Source data

◆ ◆ ◆ ◆ ◆ ◆ ◆

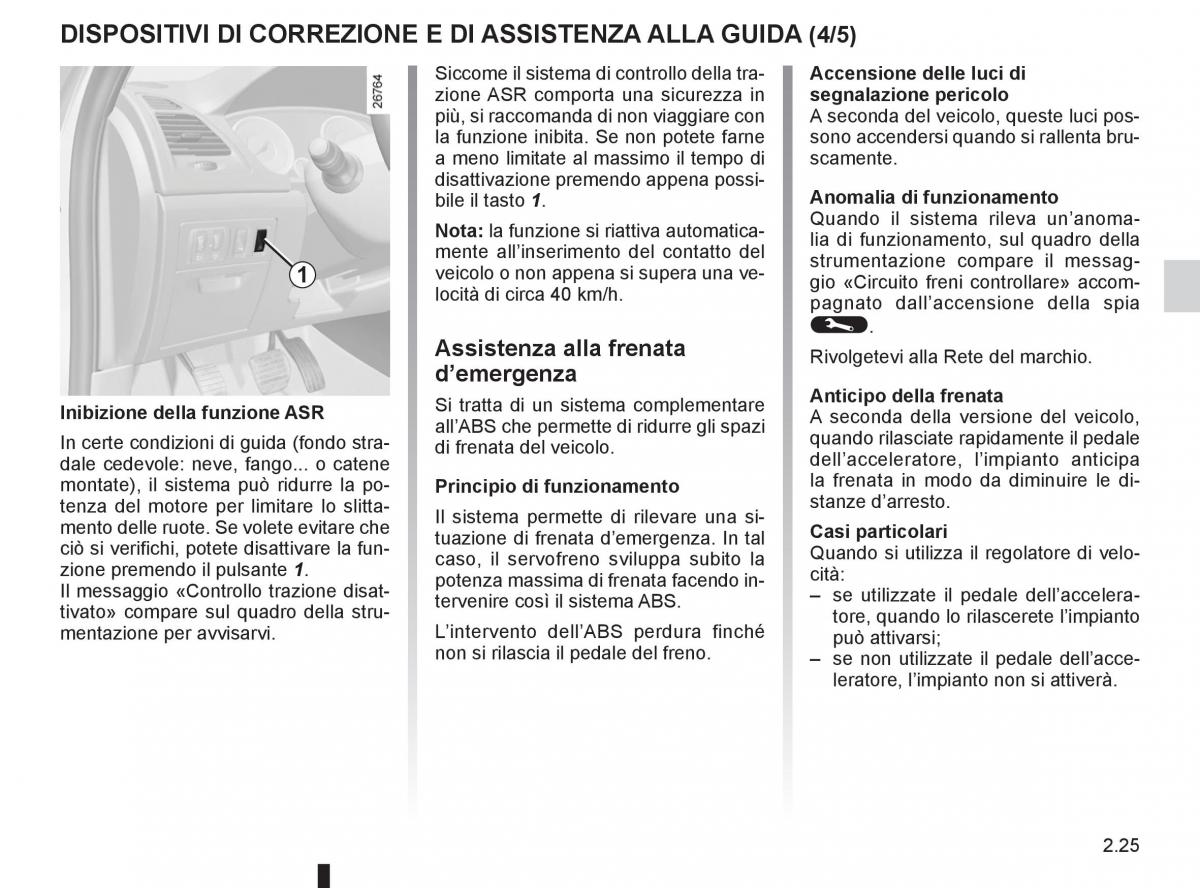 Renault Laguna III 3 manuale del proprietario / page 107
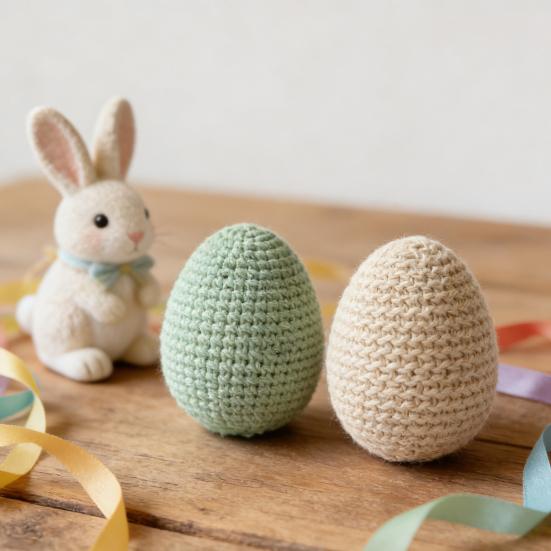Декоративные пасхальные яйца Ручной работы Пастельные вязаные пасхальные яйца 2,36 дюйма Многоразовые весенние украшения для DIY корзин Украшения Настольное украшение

◆ ◆ ◆ ◆ ◆ ◆ ◆

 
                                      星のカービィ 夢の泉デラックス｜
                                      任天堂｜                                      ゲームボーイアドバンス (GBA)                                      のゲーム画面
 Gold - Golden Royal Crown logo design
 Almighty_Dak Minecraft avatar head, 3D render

◆ ◆ ◆ ◆ ◆ ◆ ◆

Task statement
Between and including the line above that contains "Renault Laguna III" and the line that contains "Декоративные пасхальные яйца", restate every line word for word. Pictures stay out.

Solution to this exercise
 Renault Laguna III 3 manuale del proprietario / page 107
Декоративные пасхальные яйца Ручной работы Пастельные вязаные пасхальные яйца 2,36 дюйма Многоразовые весенние украшения для DIY корзин Украшения Настольное украшение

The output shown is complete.